ARSENAŁ

piątek, 31 lipca 2020

[70] Czojownica: Przyjdź jako moc mej słabości ~Miachar

    Bohaterowie do spotkania w tygodniach 64. i 68. 



    Doskonale wiedziałam, że są ludzie, z którymi nie powinno się zbytnio spoufalać, bo później mogą to wykorzystywać, by osiągać jakieś swoje cele, ale nie sądziłam, iż wśród czarnoksięskiej braci spotkam typa, który ewidentnie będzie chciał zrobić sobie ze mnie przynętę, byle tylko coś ugrać w rozgrywkach, o których nie miałam dotąd zielonego pojęcia. To właśnie dlatego patrzyłam z niezrozumieniem na szkolnego psychologa i ledwie hamowałam się, by poza pomarańczową kredą, którą chowałam w lewej pięści, nie wyczarować także czegoś, co mogłabym z łoskotem spuścić mężczyźnie na stopę. Pewnie by go to mocno zabolało, ale miałam to w głębokim poważaniu, o wiele istotniejsze było, iż sama mogłam ucierpieć bardziej od niego.

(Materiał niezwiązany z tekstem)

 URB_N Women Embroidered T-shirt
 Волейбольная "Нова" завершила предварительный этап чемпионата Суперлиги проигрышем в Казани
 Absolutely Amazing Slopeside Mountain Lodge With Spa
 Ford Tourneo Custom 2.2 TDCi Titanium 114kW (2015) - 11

    – Pan chyba sobie żartuje – wyrzuciłam z siebie, na co pan T. spojrzał na mnie zaskoczony.
    – Nie, Róża, nie żartuję. Niby dlaczego bym miał?

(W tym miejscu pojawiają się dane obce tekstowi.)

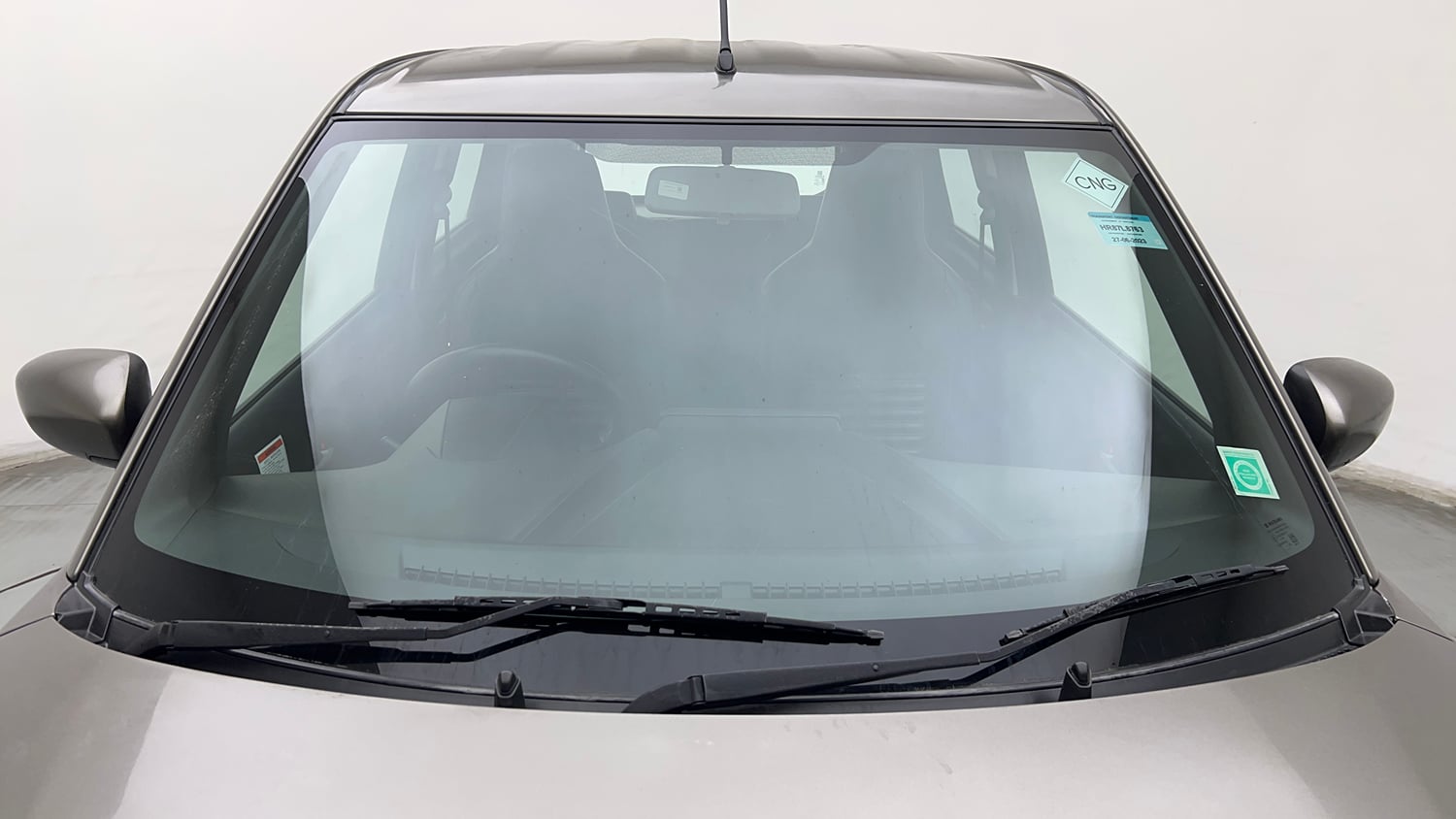 Used 2023 Maruti Suzuki Wagon R VXI 1.0 CNG Cng Manual exterior FRONT WINDSHIELD VIEW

    Aż otworzyłam usta, z których wydostał się przeciągły jęk. To przechodziło moje pojęcie!
    – Ale dlaczego właśnie ja? – dopytałam. – Przecież grupa liczy ponad dwadzieścia osób, czy nie może pan poszukać sobie lidera dla pozalekcyjnego kółka psychologicznego wśród nich? – Specjalnie użyłam słów „lider pozalekcyjnego kółka psychologicznego”, by sprawdzić, jak one brzmią, i w ogóle one do mnie nie pasowały. – Na przykład Marek zrobił ostatnio niezłą prezentację z wykorzystaniem wyników badań z…
    – Róża. – Przerwał mi, nim na dobre wzięłam się za rzucanie argumentami dla swojej pozycji. – Nie mam zamiaru pytać o to kogoś innego. I tak przez pierwsze kilka tygodni będziemy zbierać zainteresowanych z całej szkoły, więc jako lider nie będziesz miała zbyt wielu obowiązków. Poza tym jesteś najbardziej zaangażowaną podczas zajęć uczennicą ze wszystkich dzieciaków, powiedzmy więc, że to będzie taka nagroda z mojej strony. Czy nie to chciałabyś robić – zajmować się psychologią na poważnie?

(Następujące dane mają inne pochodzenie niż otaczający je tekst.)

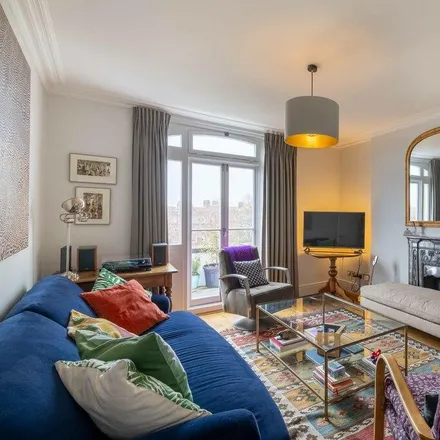 Rent this 3 bed apartment on Faraday Mansions in Queen's Club Gardens, London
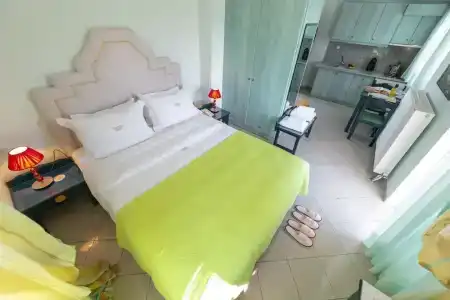 Irida Beach Suites - 21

    Patrzyłam na niego uważnie, jak tak siedział za swoim biurkiem nad podręcznikiem Maslowa i wyglądał bardziej na figurę z jakiegoś muzeum niż prawdziwego człowieka. Przepraszam, czarnoksiężnika, i sama sobie odpowiedziałam w duszy na to jego pytanie. Jedyne, co teraz chciałam robić, to odchodzić każdego dnia od tego nazywania mnie dzieckiem. W świetle prawa coraz bliżej było mi do dorosłości, w swoim mniemaniu nie zachowywałam się już dłużej jak dziecko, dlaczego więc w moim życiu musiał być ktoś, kto usilnie starał się pokazać mi, że wciąż długa droga przede mną? I dlaczego to musiał być akurat pan T.?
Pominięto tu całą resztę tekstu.